Ses intentions ont ravivé le débat autour du droit à l'avortement, suscitant l’inquiétude des mouvements féministes qui, après des années de lutte acharnée, ont obtenu ce droit lors d’un vote historique en décembre 2020. Une victoire qui représente une avancée significative pour les droits des femmes sur le continent latino-américain et a fait de la "vague verte" le symbole du mouvement pro-choix en Argentine.
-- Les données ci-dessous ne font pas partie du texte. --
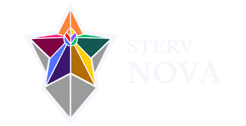 Stervnova logo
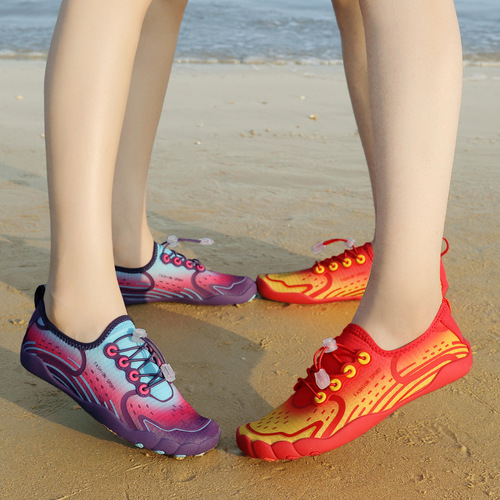 Women's Fitness Shoes, Indoor Sports Shoes, Treadmill-Specific Shoes, Yoga Shoes for Women, Indoor-Specific Squat Jump Rope Training Shoes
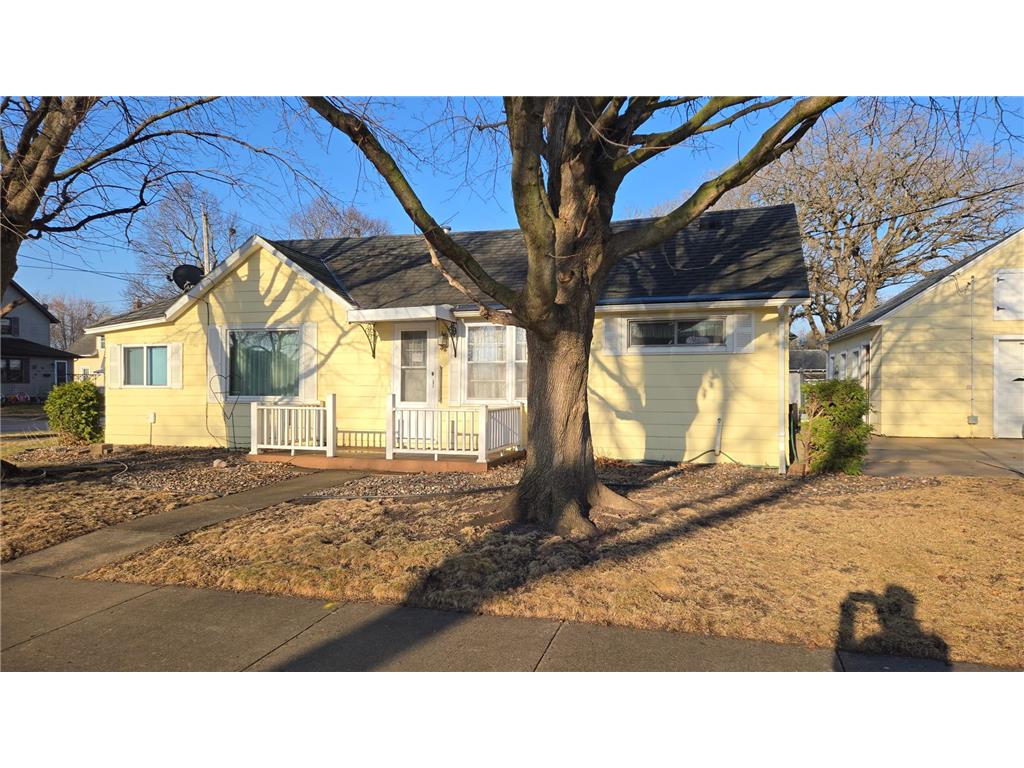 1100 2nd Avenue NW Austin MN 55912 6692934 image1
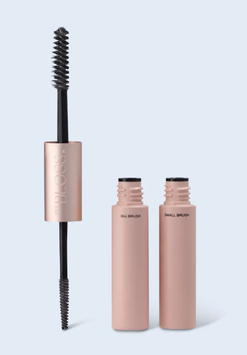Vitamine Browglue 2-1. - 10 ml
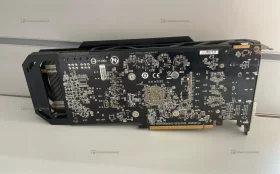 Купить Видеокарта AMD Radeon R9 270X б/у , в Сызрань Цена:2490рублей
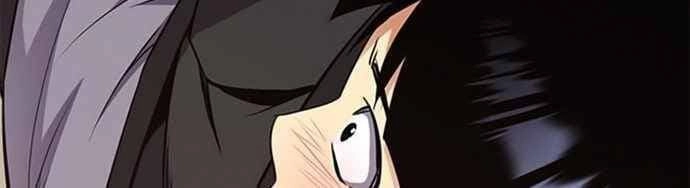 Kẻ Mạnh Nhất Lịch Sử Chapter 29 - 66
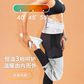 爱家科技石墨烯发热护具三件套图片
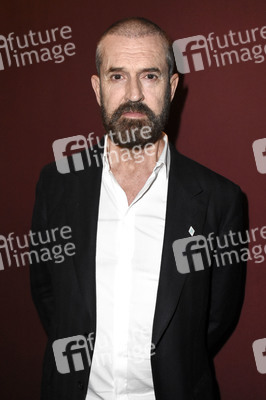 Filmpremiere 'The Happy Prince' in München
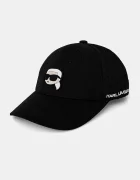 Karl Lagerfeld Шапка с козирка
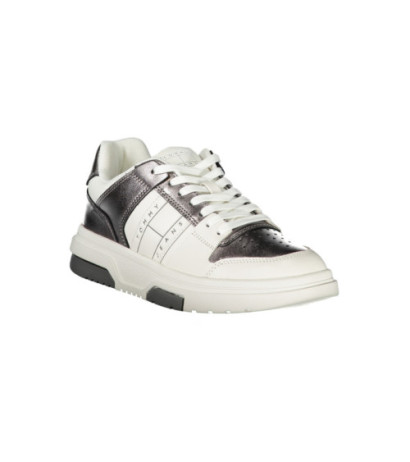 Tommy hilfiger kedas EN0EN02591 Balts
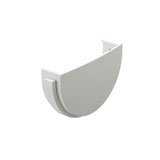 Заглушка желоба Docke (Дёке) Standard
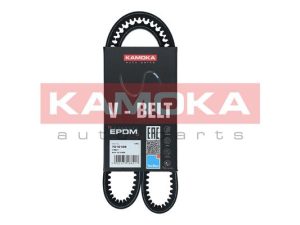 Curea transmisie HONDA CIVIC II hatchback (SS, SL) 1300 L (SS) benzina 60 cai KAMOKA 7010109
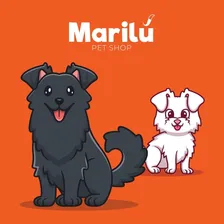 Shampoo Branqueador Pelos Claros CĂŁes E Gatos Pet Society Foto mini 4
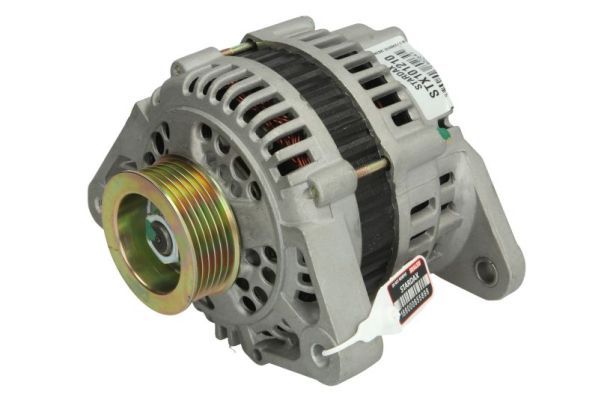 Alternator STARDAX STX101210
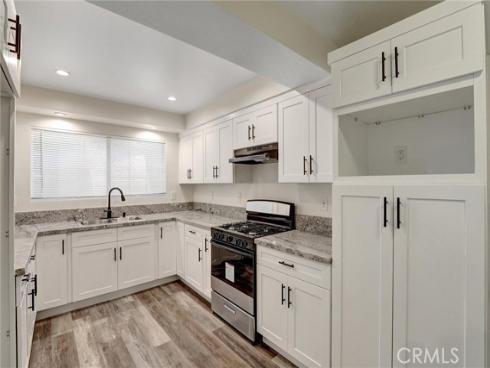 402 E Glendale Drive , Orange, CA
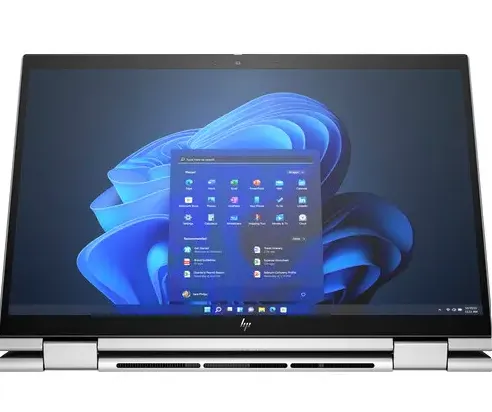 Buy HP LAP ELITEBOOK 830 G10 i5-1345U 16GB 512GB SSD DOS TOUCH 13'' 926N0ES#A2N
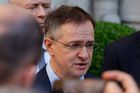 Rusko je připraveno vést válku věčně, vyhrožoval ruský vyjednávač podle médií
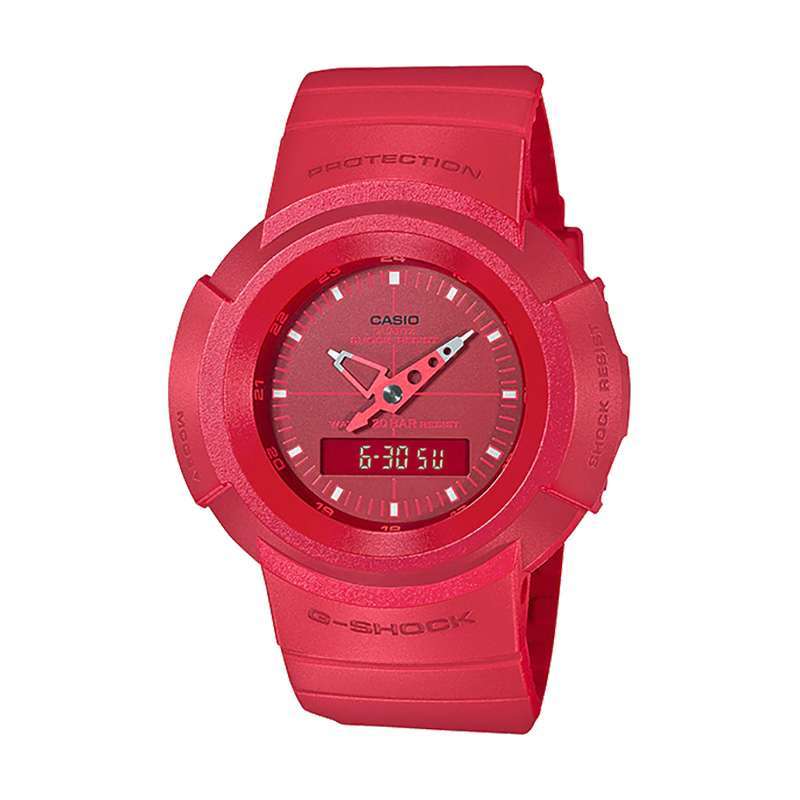 Jual G Shock G500 Original Branded Harga Diskon Murah Februari
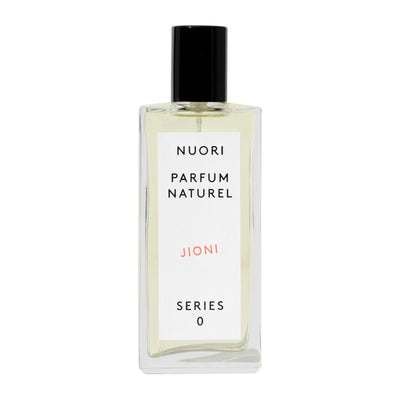 JIONI EAU DE PARFUM | Eau de parfum | LOSHEN & CREM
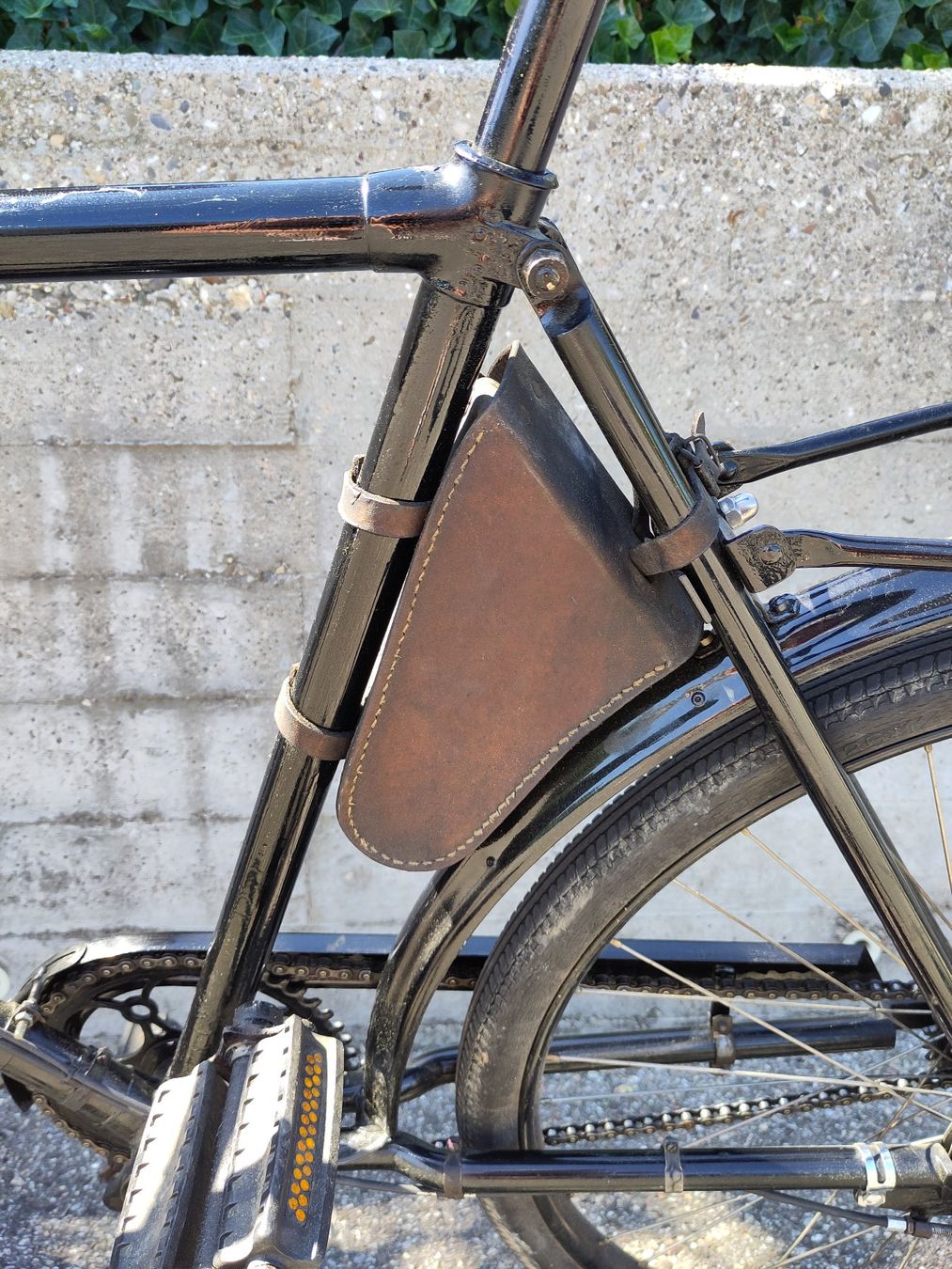 Schweizer Armee Biciclette: Militärvelo – Usato da Vordemwald venduto da rednose75 3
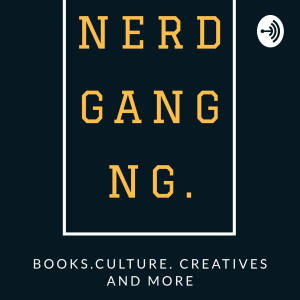 User Podcast Logo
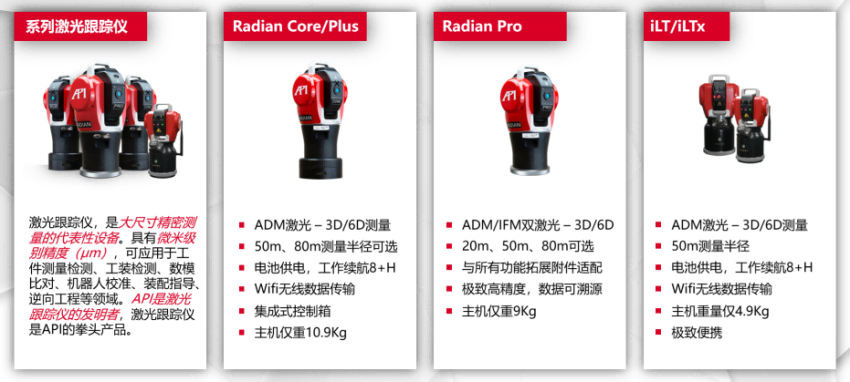 案例图片2.png
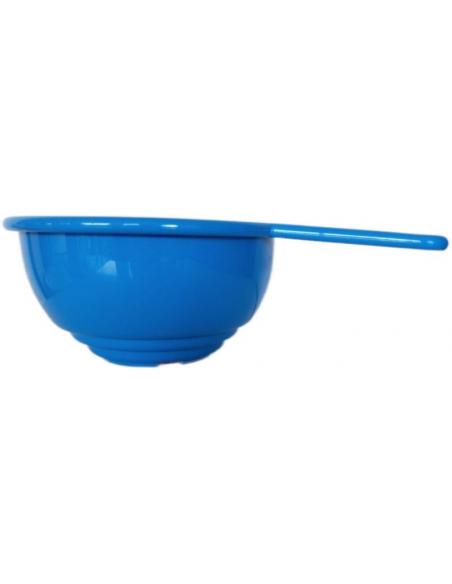 Colapasta-con-manico-blu-Guzzini-2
Aujourd’hui, la bataille risque de reprendre en raison des déclarations de cet homme politique sulfureux.
Militantes du droit à l'avortement, habillées en personnages de la série télévisée La servance écarlate, protestent contre l'annulation de l'arrêt Roe vs Wade par la Cour suprême des États-Unis, à Buenos Aires, Argentine, le 30 juin 2022.
Javier Milei parle sans filtre. Ses multiples dérapages sur les réseaux sociaux et les plateaux télés sont sa marque de fabrique.
Connu pour ses positions politiques radicales et sa réthorique provocatrice, il s’est exprimé sur le droit des femmes à avorter. Lors d’une interview télévisée, le 15 août 2023, Javier Milei n'hésite pas à disqualifier le vote du Congrès argentin légalisant l'IVG, un texte qui, selon lui, " n'a pas été voté de manière équitable en raison de la faible qualité morale des hommes politiques argentins".
Lorsqu'on part d'un principe moral erroné, le résultat est immonde – comment peut-on considérer comme un droit acquis le fait de pouvoir tuer d'autres êtres humains ? Javier Milei
Lorsqu'on part d'un principe moral erroné, le résultat est immonde – comment peut-on considérer comme un droit acquis le fait de pouvoir tuer d'autres êtres humains ? En tant que libéral, je crois au droit illimité à la vie d'autrui, fondé sur la défense de la vie, de la liberté et de la propriété. Je défends la vie qui commence dès la conception", ajoute-t-il.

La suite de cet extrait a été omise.